__TASK TO CARRY OUT__:
Find the line holding "Protocol, a canoe" in the entries below. Give it again exactly, along with every line after it up to and including the line holding "Una casa de".

__EXTRACTED INFORMATION__:
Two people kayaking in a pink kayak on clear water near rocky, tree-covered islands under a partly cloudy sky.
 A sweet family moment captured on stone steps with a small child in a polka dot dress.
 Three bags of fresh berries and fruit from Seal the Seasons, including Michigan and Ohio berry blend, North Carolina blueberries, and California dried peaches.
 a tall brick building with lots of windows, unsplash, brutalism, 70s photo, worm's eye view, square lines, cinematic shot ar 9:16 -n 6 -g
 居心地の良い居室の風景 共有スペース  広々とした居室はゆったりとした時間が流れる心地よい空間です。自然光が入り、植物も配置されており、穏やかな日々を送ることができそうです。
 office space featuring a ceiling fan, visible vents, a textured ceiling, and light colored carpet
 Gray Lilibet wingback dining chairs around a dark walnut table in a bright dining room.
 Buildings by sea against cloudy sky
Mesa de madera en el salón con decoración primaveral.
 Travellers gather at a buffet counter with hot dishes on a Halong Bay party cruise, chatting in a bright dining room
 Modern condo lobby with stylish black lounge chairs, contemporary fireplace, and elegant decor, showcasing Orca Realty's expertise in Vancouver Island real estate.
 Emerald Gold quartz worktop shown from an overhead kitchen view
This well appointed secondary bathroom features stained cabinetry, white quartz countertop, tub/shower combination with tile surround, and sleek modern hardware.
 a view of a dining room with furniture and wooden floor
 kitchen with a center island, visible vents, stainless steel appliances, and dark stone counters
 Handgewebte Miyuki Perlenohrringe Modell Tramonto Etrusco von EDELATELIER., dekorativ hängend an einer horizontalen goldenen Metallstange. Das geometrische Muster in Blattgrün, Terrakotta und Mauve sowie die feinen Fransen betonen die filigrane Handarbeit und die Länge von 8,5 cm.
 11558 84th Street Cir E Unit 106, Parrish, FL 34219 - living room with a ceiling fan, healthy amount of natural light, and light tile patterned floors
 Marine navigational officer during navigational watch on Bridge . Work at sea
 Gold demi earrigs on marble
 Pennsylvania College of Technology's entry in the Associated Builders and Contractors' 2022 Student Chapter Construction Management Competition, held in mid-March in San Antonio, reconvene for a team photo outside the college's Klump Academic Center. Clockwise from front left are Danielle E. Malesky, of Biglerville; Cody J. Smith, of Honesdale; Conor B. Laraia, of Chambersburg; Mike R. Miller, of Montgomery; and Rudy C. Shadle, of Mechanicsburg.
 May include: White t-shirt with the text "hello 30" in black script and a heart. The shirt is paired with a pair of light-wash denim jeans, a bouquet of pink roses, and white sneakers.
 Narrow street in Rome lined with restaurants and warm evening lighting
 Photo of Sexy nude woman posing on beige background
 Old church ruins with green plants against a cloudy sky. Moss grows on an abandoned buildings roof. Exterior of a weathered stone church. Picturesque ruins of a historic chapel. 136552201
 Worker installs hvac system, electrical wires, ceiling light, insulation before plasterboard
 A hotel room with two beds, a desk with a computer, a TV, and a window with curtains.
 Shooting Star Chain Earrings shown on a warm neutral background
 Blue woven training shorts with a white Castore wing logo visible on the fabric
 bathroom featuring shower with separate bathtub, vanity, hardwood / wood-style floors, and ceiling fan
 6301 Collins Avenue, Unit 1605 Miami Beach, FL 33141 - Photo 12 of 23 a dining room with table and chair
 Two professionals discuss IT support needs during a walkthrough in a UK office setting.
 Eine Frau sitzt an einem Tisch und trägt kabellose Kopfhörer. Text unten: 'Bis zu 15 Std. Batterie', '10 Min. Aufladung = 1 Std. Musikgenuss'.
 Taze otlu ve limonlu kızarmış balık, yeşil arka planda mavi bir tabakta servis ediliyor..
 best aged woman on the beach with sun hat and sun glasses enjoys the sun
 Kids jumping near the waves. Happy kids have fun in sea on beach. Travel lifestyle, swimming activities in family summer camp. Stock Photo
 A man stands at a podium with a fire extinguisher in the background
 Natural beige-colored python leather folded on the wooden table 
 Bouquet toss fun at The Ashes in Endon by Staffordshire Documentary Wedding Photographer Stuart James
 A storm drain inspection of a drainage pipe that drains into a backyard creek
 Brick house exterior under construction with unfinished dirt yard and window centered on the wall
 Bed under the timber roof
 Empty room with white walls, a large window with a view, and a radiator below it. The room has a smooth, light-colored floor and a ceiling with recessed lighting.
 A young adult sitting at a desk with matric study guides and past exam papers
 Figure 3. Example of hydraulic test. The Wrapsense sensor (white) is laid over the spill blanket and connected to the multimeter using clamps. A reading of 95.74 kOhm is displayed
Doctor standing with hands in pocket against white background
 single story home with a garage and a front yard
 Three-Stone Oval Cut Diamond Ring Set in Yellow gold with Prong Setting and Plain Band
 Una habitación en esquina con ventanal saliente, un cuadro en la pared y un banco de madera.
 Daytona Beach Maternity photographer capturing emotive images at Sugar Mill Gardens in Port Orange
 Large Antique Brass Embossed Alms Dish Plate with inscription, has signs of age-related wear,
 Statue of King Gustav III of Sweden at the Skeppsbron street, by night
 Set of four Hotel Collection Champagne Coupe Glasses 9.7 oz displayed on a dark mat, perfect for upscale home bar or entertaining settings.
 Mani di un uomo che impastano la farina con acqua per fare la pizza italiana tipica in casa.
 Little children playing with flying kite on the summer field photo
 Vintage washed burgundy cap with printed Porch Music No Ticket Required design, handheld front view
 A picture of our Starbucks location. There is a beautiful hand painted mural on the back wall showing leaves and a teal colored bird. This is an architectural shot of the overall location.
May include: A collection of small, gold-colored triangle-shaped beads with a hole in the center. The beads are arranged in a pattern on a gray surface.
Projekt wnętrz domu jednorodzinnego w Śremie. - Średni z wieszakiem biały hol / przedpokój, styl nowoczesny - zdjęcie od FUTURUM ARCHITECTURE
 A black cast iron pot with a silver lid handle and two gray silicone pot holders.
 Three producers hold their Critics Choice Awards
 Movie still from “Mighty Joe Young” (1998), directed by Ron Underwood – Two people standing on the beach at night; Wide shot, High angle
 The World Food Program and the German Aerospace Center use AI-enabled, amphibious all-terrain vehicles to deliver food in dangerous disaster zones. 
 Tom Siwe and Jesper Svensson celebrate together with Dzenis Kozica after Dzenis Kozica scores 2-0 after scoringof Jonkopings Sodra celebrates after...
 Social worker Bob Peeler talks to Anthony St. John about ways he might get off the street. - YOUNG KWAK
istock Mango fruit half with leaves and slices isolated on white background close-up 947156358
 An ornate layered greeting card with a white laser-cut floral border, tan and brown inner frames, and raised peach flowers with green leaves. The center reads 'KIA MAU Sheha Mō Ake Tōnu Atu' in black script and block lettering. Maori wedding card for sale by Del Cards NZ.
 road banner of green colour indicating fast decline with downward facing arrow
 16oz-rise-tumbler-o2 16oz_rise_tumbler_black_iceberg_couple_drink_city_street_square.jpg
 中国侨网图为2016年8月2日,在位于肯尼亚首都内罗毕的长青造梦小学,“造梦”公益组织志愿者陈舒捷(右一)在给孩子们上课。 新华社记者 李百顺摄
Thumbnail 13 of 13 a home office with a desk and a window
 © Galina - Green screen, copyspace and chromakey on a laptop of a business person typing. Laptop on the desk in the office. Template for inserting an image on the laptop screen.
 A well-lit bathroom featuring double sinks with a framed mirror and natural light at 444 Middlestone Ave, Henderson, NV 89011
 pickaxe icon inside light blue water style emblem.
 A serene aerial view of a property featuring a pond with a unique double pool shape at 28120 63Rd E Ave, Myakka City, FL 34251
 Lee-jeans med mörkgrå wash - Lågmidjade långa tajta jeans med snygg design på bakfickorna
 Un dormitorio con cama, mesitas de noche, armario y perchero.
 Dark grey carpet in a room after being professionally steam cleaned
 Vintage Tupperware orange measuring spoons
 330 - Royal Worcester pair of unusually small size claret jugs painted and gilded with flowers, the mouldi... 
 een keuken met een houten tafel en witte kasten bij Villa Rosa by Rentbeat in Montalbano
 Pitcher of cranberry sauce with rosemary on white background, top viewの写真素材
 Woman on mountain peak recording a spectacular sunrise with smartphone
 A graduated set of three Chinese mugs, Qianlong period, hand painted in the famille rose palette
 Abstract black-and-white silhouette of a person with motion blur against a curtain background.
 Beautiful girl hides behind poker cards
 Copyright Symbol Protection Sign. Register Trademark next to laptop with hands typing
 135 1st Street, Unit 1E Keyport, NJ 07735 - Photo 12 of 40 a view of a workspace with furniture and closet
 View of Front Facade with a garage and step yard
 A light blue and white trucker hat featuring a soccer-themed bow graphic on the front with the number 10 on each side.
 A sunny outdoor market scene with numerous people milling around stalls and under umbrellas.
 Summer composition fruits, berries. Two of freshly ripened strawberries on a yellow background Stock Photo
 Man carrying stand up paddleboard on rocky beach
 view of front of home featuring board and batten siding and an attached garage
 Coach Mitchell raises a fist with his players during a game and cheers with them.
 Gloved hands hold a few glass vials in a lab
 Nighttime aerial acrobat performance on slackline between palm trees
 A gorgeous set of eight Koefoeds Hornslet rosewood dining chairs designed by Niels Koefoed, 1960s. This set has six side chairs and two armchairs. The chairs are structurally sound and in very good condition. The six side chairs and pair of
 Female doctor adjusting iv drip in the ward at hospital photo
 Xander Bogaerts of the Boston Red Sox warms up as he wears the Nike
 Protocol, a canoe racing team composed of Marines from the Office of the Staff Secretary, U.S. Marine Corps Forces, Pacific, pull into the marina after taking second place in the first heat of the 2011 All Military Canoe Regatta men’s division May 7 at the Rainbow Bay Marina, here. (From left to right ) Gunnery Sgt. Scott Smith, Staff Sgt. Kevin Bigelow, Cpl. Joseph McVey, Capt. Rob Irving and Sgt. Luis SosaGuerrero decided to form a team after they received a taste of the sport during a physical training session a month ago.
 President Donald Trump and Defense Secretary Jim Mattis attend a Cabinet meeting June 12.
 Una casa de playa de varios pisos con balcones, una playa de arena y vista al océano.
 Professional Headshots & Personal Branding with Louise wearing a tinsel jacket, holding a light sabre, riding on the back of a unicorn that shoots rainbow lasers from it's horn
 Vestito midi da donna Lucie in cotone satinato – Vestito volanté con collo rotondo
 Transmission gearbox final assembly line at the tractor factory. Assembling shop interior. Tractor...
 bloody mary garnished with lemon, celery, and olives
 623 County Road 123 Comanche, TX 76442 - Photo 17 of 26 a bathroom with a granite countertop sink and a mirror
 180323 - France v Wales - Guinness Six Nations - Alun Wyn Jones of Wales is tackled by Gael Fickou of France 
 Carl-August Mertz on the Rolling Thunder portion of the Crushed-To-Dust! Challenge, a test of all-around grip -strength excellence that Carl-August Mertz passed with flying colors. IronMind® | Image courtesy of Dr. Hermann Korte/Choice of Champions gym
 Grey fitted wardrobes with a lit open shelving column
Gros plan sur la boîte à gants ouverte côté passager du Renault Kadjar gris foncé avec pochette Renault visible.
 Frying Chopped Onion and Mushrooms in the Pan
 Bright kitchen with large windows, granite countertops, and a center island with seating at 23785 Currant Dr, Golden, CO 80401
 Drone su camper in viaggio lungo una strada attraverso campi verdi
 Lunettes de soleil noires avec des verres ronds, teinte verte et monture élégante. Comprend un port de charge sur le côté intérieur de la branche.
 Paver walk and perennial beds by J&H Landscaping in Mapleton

__RESULT OF THIS EXERCISE__:
 Protocol, a canoe racing team composed of Marines from the Office of the Staff Secretary, U.S. Marine Corps Forces, Pacific, pull into the marina after taking second place in the first heat of the 2011 All Military Canoe Regatta men’s division May 7 at the Rainbow Bay Marina, here. (From left to right ) Gunnery Sgt. Scott Smith, Staff Sgt. Kevin Bigelow, Cpl. Joseph McVey, Capt. Rob Irving and Sgt. Luis SosaGuerrero decided to form a team after they received a taste of the sport during a physical training session a month ago.
 President Donald Trump and Defense Secretary Jim Mattis attend a Cabinet meeting June 12.
 Una casa de playa de varios pisos con balcones, una playa de arena y vista al océano.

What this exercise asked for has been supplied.